→ YOUR ASSIGNMENT: Make an exact copy, from the records below, of the lines from the line containing "Стефановский собор Усть-Сысольска" to the line containing "USED 2016 IMAGINE", both lines included, excluding pictures.

→ SOURCE MATERIAL:
╔══

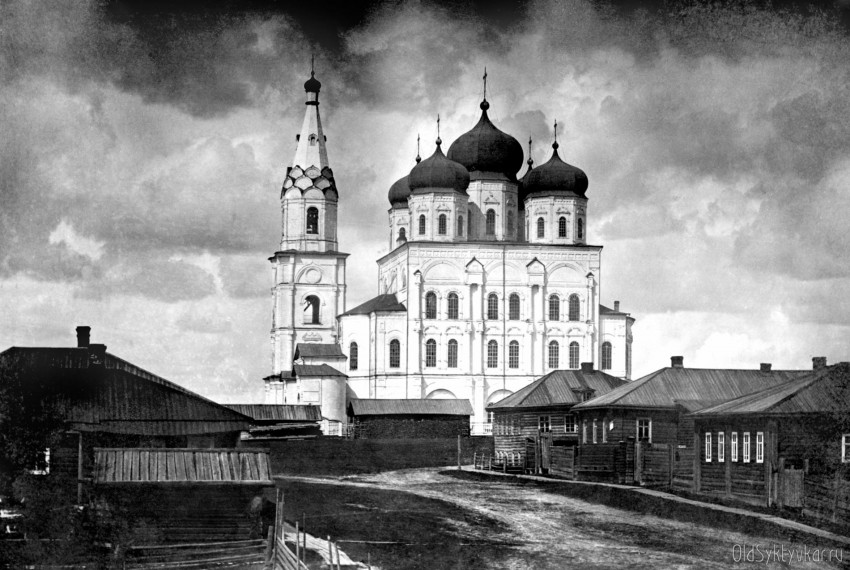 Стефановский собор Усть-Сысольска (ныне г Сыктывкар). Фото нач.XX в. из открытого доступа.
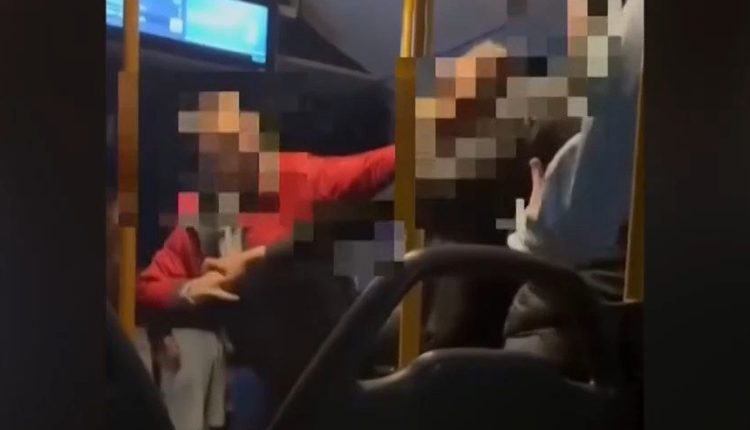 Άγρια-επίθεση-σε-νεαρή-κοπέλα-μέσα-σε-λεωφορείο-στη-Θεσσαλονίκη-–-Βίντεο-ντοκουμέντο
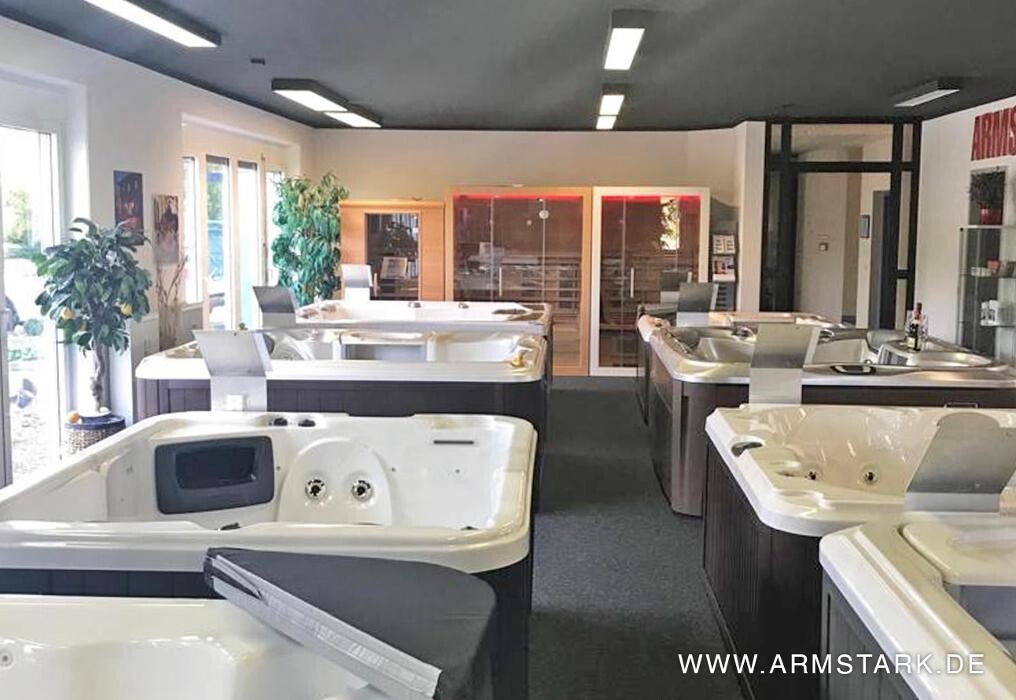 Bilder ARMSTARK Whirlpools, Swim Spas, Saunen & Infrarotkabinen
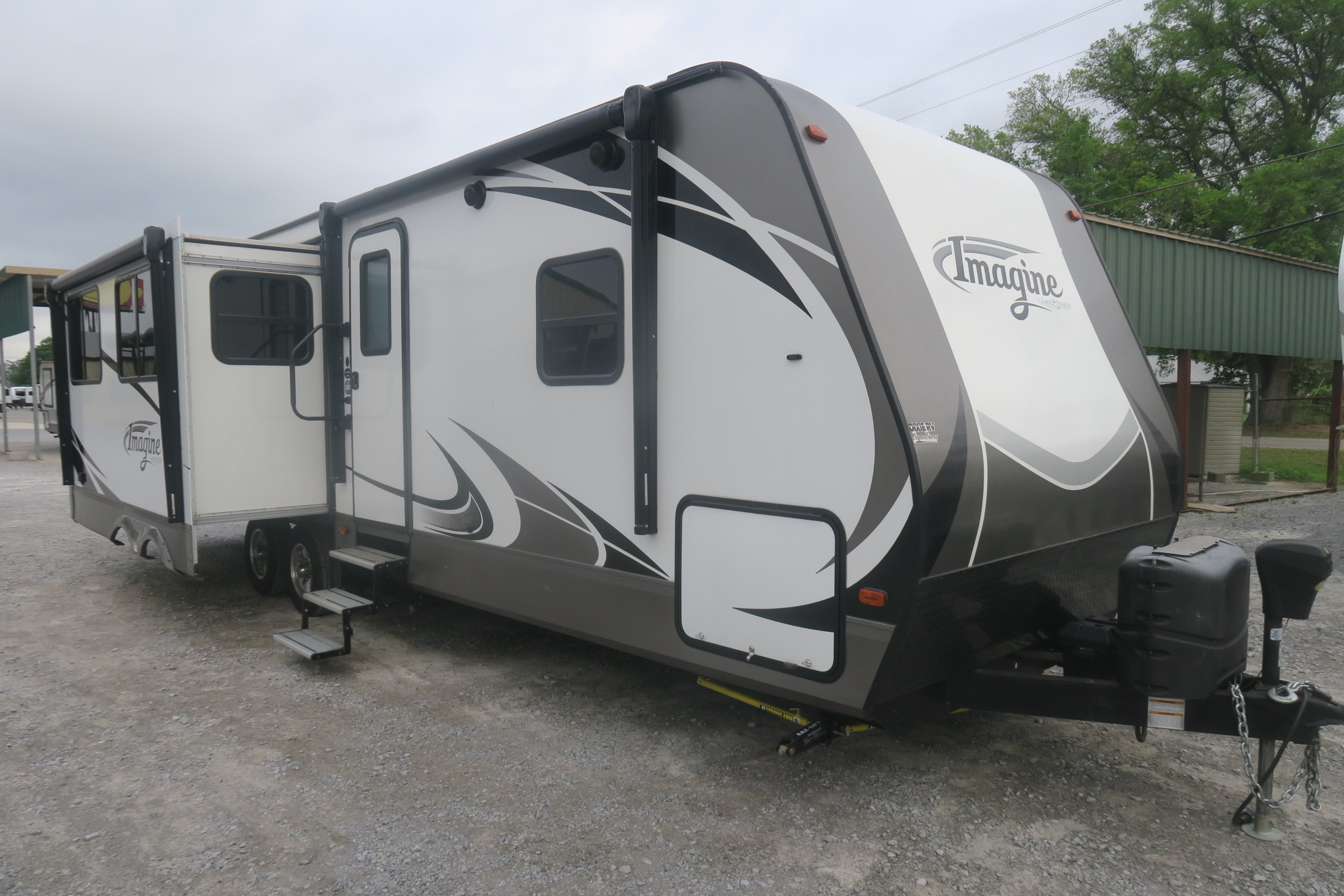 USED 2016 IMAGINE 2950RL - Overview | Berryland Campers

╚══
╔══

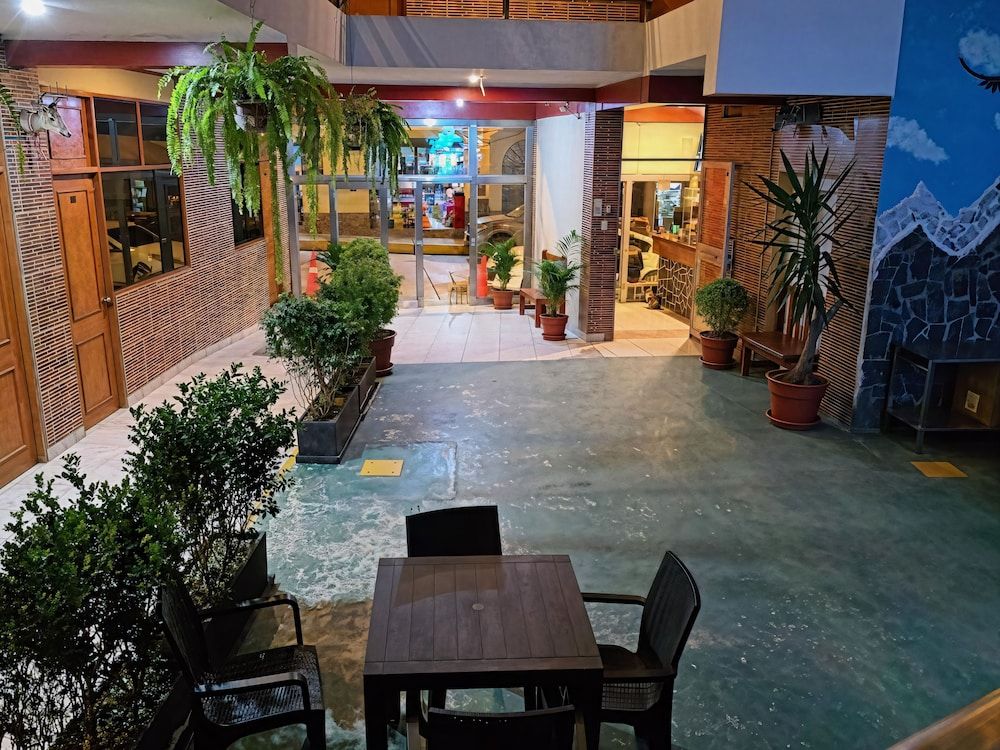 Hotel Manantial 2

╚══
╔══

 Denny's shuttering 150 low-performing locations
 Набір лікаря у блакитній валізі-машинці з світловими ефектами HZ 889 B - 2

╚══

→ RESULT OF THE TASK:
 Стефановский собор Усть-Сысольска (ныне г Сыктывкар). Фото нач.XX в. из открытого доступа.
 Άγρια-επίθεση-σε-νεαρή-κοπέλα-μέσα-σε-λεωφορείο-στη-Θεσσαλονίκη-–-Βίντεο-ντοκουμέντο
 Bilder ARMSTARK Whirlpools, Swim Spas, Saunen & Infrarotkabinen
 USED 2016 IMAGINE 2950RL - Overview | Berryland Campers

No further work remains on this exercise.